A importância da educação financeira na vida do cidadão
Enviada em 17/08/2020
O desconhecimento histórico
O governo de Getúlio Vargas foi marcado por uma crise de superprodução de café, que foi resolvido com a queima desse produto. Nos anos 80, o país enfrentou a chamada década perdida: período que teve altas inflações e desvalorização da moeda. Percebe-se, assim, que o Brasil não aprende com os erros do passado, gerando crises cíclicas e atraso no desenvolvimento. Tal retrocesso, no século 21, prejudica tanto a população como o Estado no cenário mundial e nacional – a valorização da educação financeira muda essa realidade.
Diante disso, o desconhecimento de aspectos monetários aliados às crises econômicas gera indivíduos em situação de instabilidade. Sob tal aspecto, o confisco da poupança, no governo Collor, ilustra essa situação: foi retirado o dinheiro da população para quitar dívidas e depois devolver, contudo, isso ainda não aconteceu. Coexistente, as pessoas continuaram com suas contas a pagar sem verba para quitá-las. Ademais, cidadãos endividados não aquecem economia, prejudicando o progresso já que o Estado não tem capital para realizá-lo. Um país não desenvolvido, hodiernamente, perde mérito, apoio e até tecnologias para diversos setores, advindas de outras nações.
Além disso, o sistema educacional vigente é tecnicista, ou seja, ensina aos alunos o básico para obter êxito no vestibular. Assim, a população que será P.E.A (população economicamente ativa) não sabe como agir com seu dinheiro ou até com a falta desse, visto que a educação financeira não faz parte do currículo escolar. Dessa forma, o país prepara uma nação fadada à novas crises, uma vez que os indivíduos gastam sem saber das consequências, tornam-se inadimplentes e não são capazes de desvencilhar-se de tal situação. Nesse cenário, a educação não tem um preço, mas a sua falta tem um custo como indicava o escritor Antônio Gomes Lacerda.

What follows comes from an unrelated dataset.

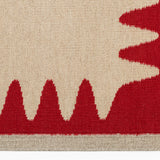 Detail of the Waver Rug in Pillbox Red, a solid Ivory field with a red flame stitch border. 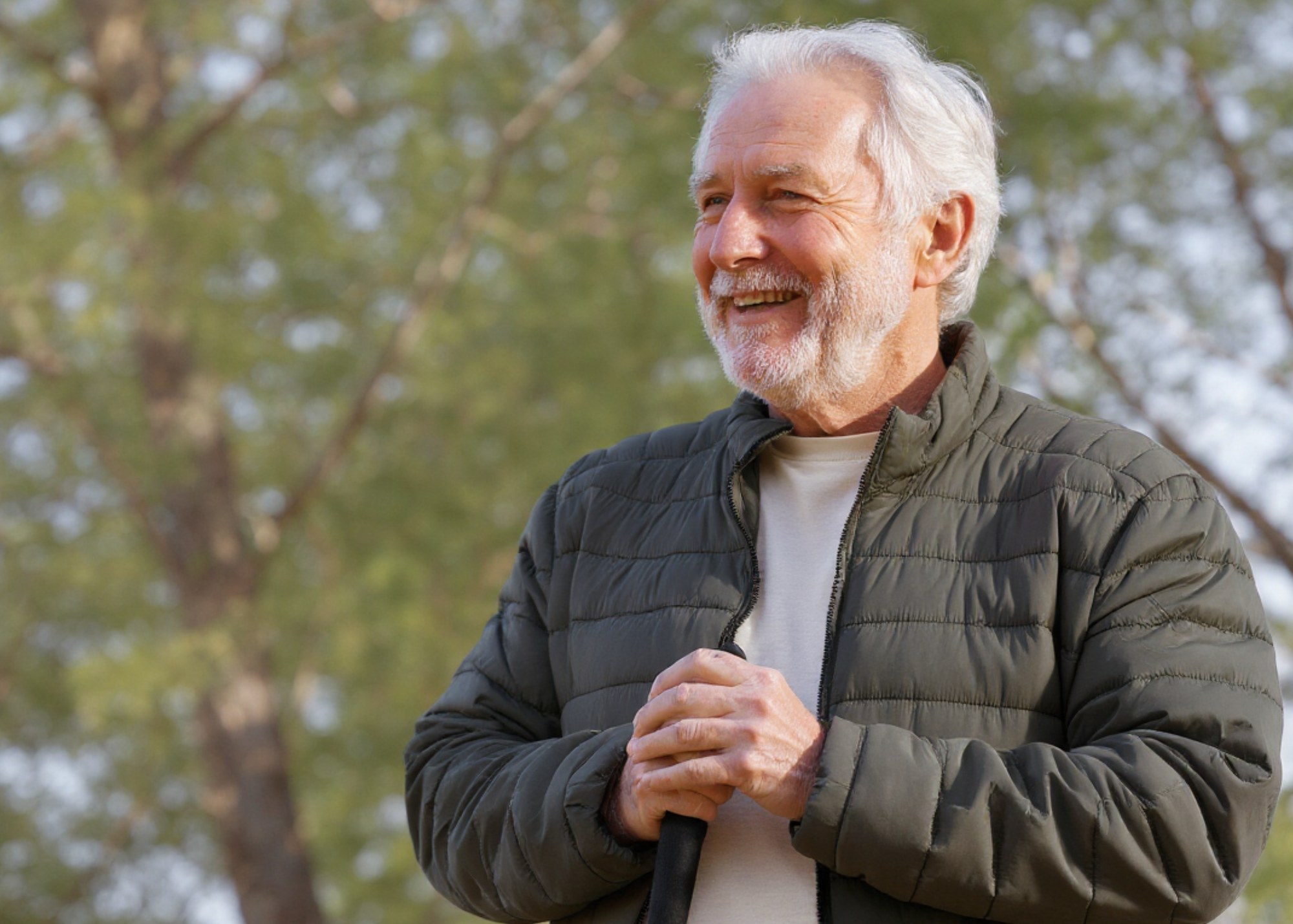 An elderly man with white hair and a beard smiling outdoors with trees in the background, wearing a dark gray puffer jacket and holding a walking stick.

Em vista do exposto, urge a necessidade do Estado valorizar a educação financeira para habilitar a população nesse aspecto. Na esfera escolar, o Ministério da Educação, juntamente as graduações de economia e contabilidade, devem criar estágios ministrados no ensino básico – no qual o graduando ensinar-se-á aos jovens a lidarem com dinheiro desde cedo. Outrossim, no âmbito estatal, é fundamental que o governo tenha em seus órgãos econômicos funcionários com conhecimentos prévios no assunto, para que evite soluções ineficazes e geradoras de crise. À vista disso, o Brasil, opõem-se a pôr fogo em seus problemas e estrutura o seu progresso.